List of Famous people named Emile
Emile Smith Rowe
Emile Smith Rowe is an English professional footballer who plays as an attacking midfielder for Premier League club Arsenal. He is nicknamed "Croydon De Bruyne" by Arsenal fans due to his similar playing style as the Belgian midfield maestro Kevin De Bruyne.
Émile Zola
Émile Édouard Charles Antoine Zola was a French novelist, journalist, playwright, the best-known practitioner of the literary school of naturalism, and an important contributor to the development of theatrical naturalism. According to major Zola scholar and biographer Henri Mitterand, "Naturalism contributes something more than realism: the attention brought to bear on the most lush and opulent aspects of people and the natural world. The realist writer reproduces the object's image impersonally, while the naturalist writer is an artist of temperament." He was a major figure in the political liberalization of France and in the exoneration of the falsely accused and convicted army officer Alfred Dreyfus, which is encapsulated in the renowned newspaper headline J'Accuse…! Zola was nominated for the first and second Nobel Prize in Literature in 1901 and 1902.
Émile Ntamack
Émile "Milou" Ntamack is a former French rugby union footballer. He played professionally for Stade Toulousain and France, winning 46 caps. Ntamack made his French debut against Wales during the 1994 Five Nations Championship. Ntamack was part of the Grand Slam winning sides in 1997. He was in the 1995 and 1999 World Cup squads. He initially announced his retirement in 2003 due to a facial injury, however he then stayed on for another year before retiring in 2004. His younger brother, Francis Ntamack was also capped by France. Ntamack coached the Espoirs team of the Stade Toulousain and the French U21 team which was the first Northern Hemisphere side to win the World Championships in this age category, held in the Auvergne in 2006.
Emile Hirsch
Emile Davenport Hirsch is an American actor. He is best known for portraying Chris McCandless in Into the Wild (2007). Other roles of his are in films such as The Girl Next Door (2004), Lords of Dogtown (2005), Alpha Dog (2006), Speed Racer (2008), Milk (2008), Lone Survivor (2013), An Evening with Beverly Luff Linn (2018), and Once Upon a Time in Hollywood (2019).
Émile Durkheim
David Émile Durkheim was a French sociologist. He formally established the academic discipline of sociology and—with Max Weber—is commonly cited as the principal architect of modern social science.
Emile Griffith
Emile Alphonse Griffith was a professional boxer from the U.S. Virgin Islands who became a World Champion in the welterweight, junior middleweight and middleweight classes. His best known contest was a 1962 title match with Benny Paret. At the weigh in, Paret infuriated Griffith, a bisexual man, by touching his buttocks and making a homophobic slur. Griffith won the bout by knockout; Paret never recovered consciousness and died in the hospital 10 days later.
Émile Louis
Émile Louis was a French bus driver and the prime suspect in the disappearance of seven young women in the département of Yonne, Burgundy, in the late 1970s. In 2000 Louis confessed to their murders; he retracted this confession one month later.
Emile Berliner
Emile Berliner, originally Emil Berliner, was a German-American inventor.

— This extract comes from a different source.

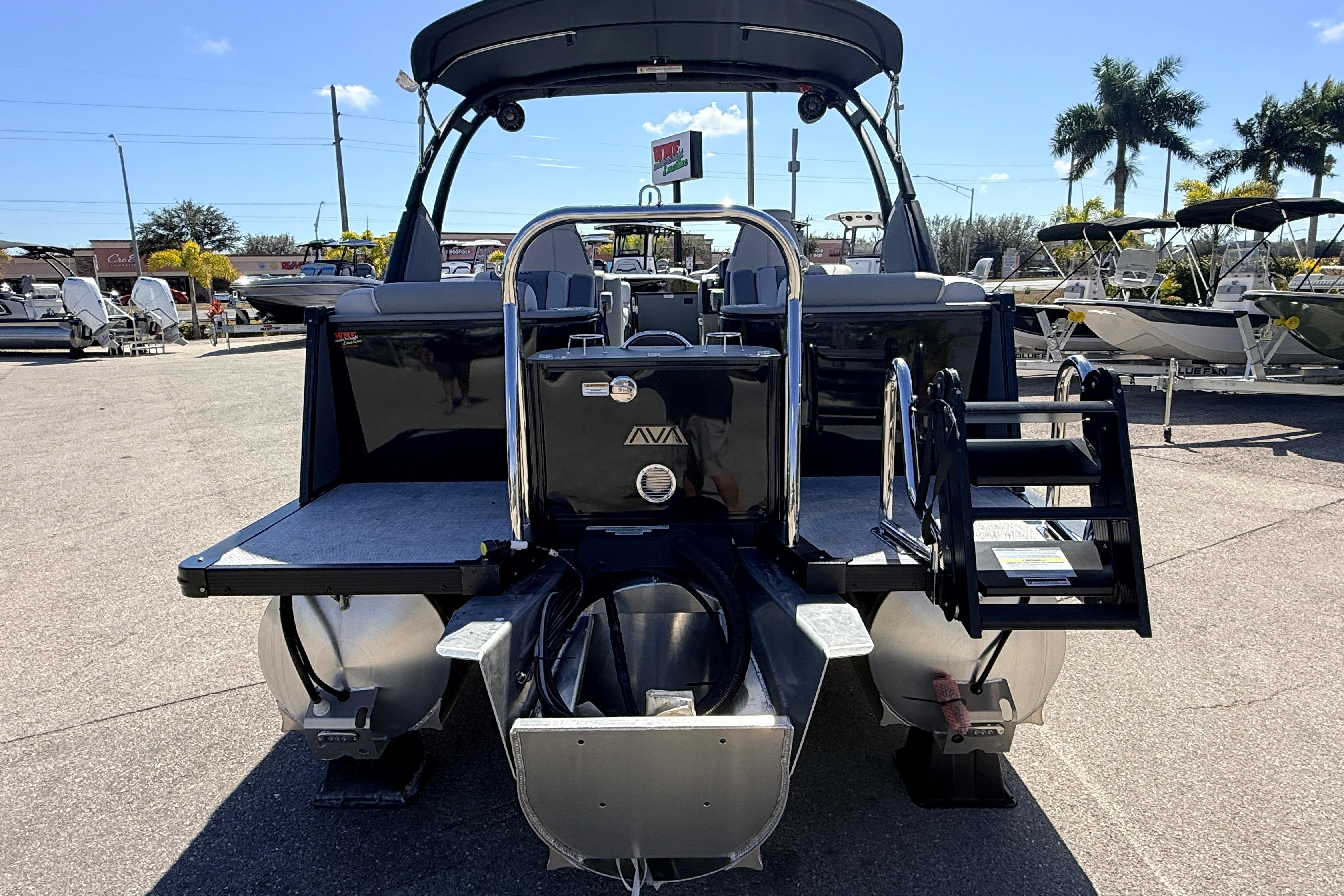 2026 Avalon 2385 Catalina Quad Lounger Tri Toon, rear view at a sunny marina.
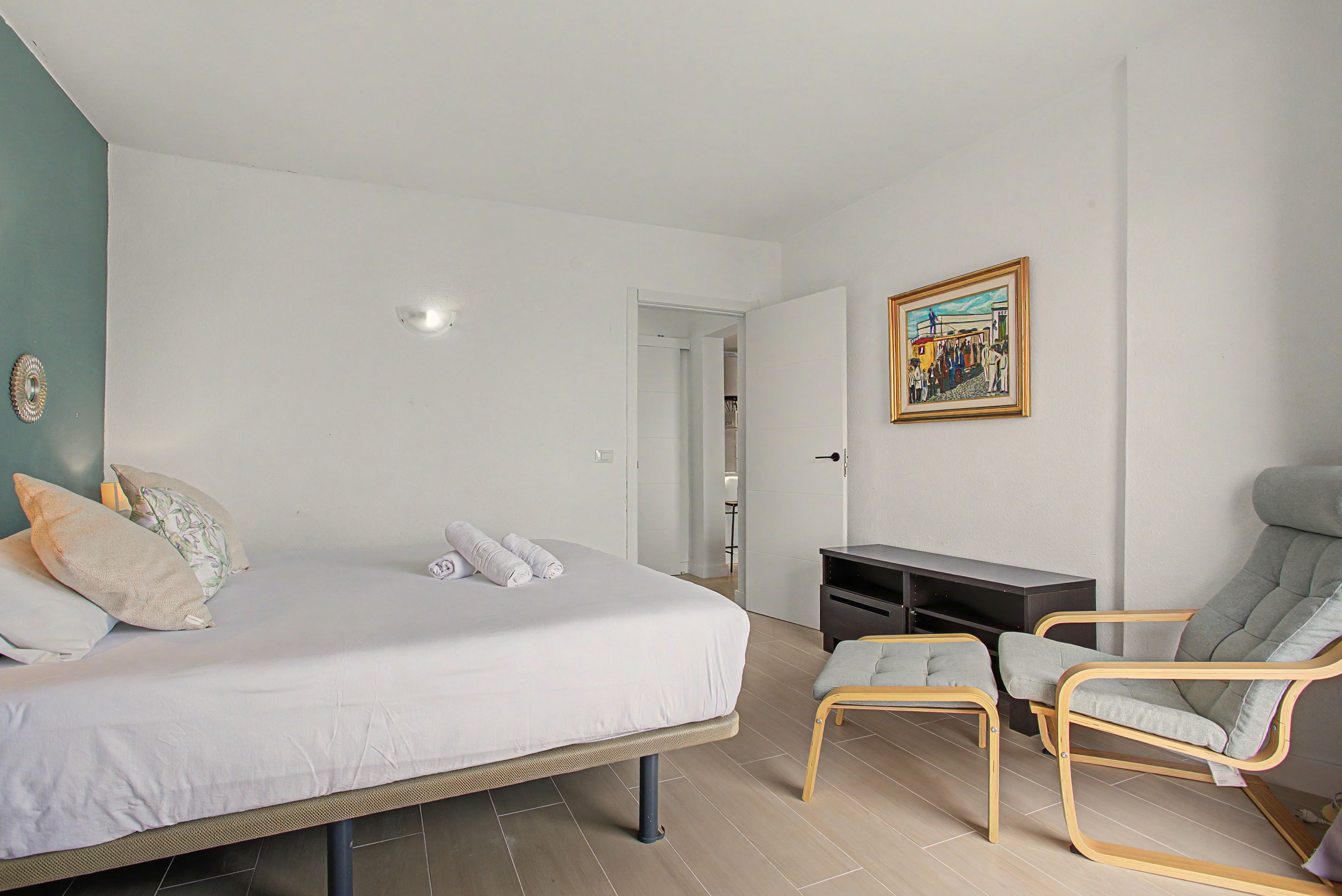 Une chambre à coucher avec un lit, un bureau, une chaise et un tableau accroché au mur.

He is best known for inventing the vertical-cut flat disc record used with a phonograph. He founded the United States Gramophone Company in 1894, The Gramophone Company in London, England, in 1897, Deutsche Grammophon in Hanover, Germany, in 1898, Berliner Gram-o-phone Company of Canada in Montreal in 1899, and Victor Talking Machine Company in 1901 with Eldridge Johnson.
Emile Heskey
Emile William Ivanhoe Heskey is an English former professional footballer who played as a striker. He made more than 500 appearances in the Football League and Premier League over an 18-year career, and represented England in international football. He also had a spell in Australia, playing for the A-League club Newcastle Jets.
Émile Buisson
Émile "Mimile" Buisson was a French gangster, and French public enemy No. 1 for 1950. A member of the French Gang des Tractions Avant, Buisson was responsible for over thirty murders and a hundred robberies. Buisson was pursued and caught by French detective of the Sûreté Nationale Roger Borniche, and was executed in 1956 by the guillotine. Borniche's memoirs on the pursuit, Flic Story, were later made into a film of the same name in 1975, with Buisson portrayed by Jean-Louis Trintignant.